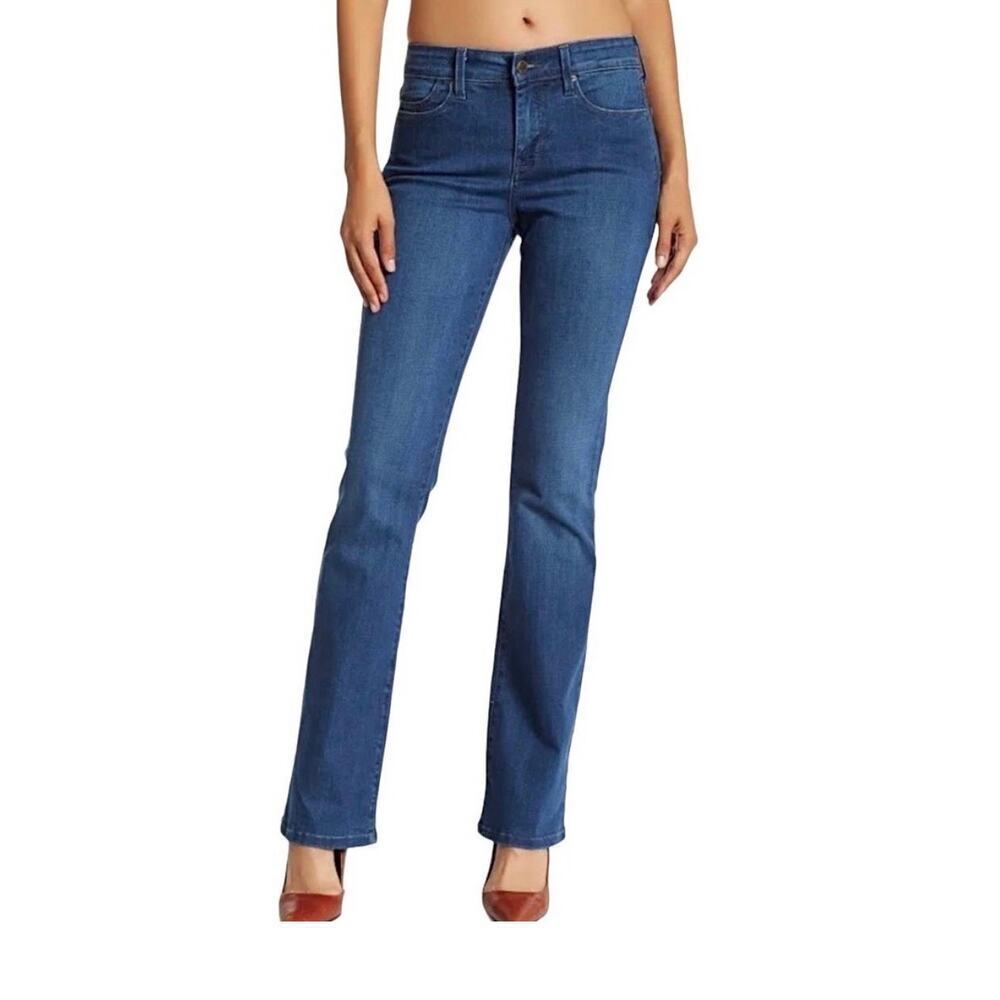 NYDJ Women's Boot Cut Jeans in Deep Blue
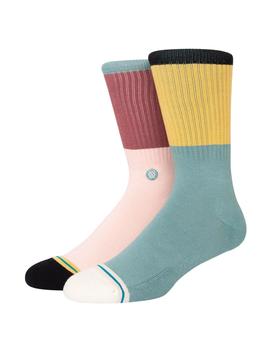 Calcetines Stance Bloqued Unisex Multicolor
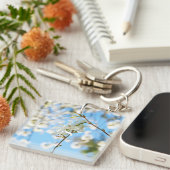 Starry Magnolia 6490 Sleutelhanger (Voorkant Rechts)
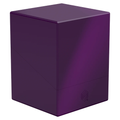 Ultimate Guard Deck Box Boulder 100+ SOLID PURPLE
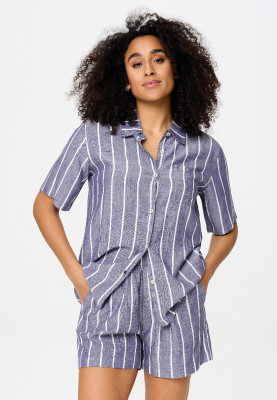 LingaDore 8602 Short Pyjama Set greystone (100% Viskose) XL
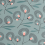 Tapete Halo Flower MissPrint Misty Blue MISP1386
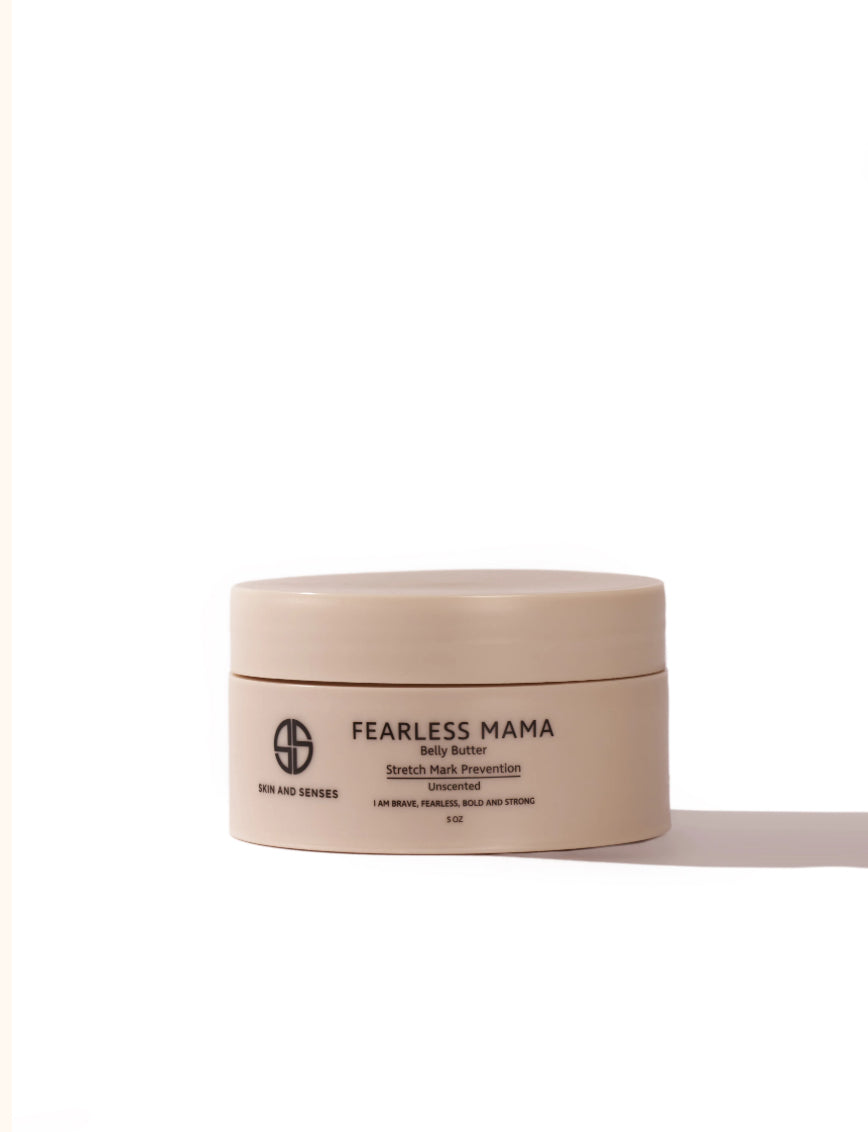 Fearless Mama Belly Butter - Luminous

Directions for this task: Without any pictures, print the whole listing again exactly as it stands.

Task answer:
 NYDJ Women's Boot Cut Jeans in Deep Blue
 Calcetines Stance Bloqued Unisex Multicolor
 Starry Magnolia 6490 Sleutelhanger (Voorkant Rechts)
 Ultimate Guard Deck Box Boulder 100+ SOLID PURPLE
 LingaDore 8602 Short Pyjama Set greystone (100% Viskose) XL
 Tapete Halo Flower MissPrint Misty Blue MISP1386
 Fearless Mama Belly Butter - Luminous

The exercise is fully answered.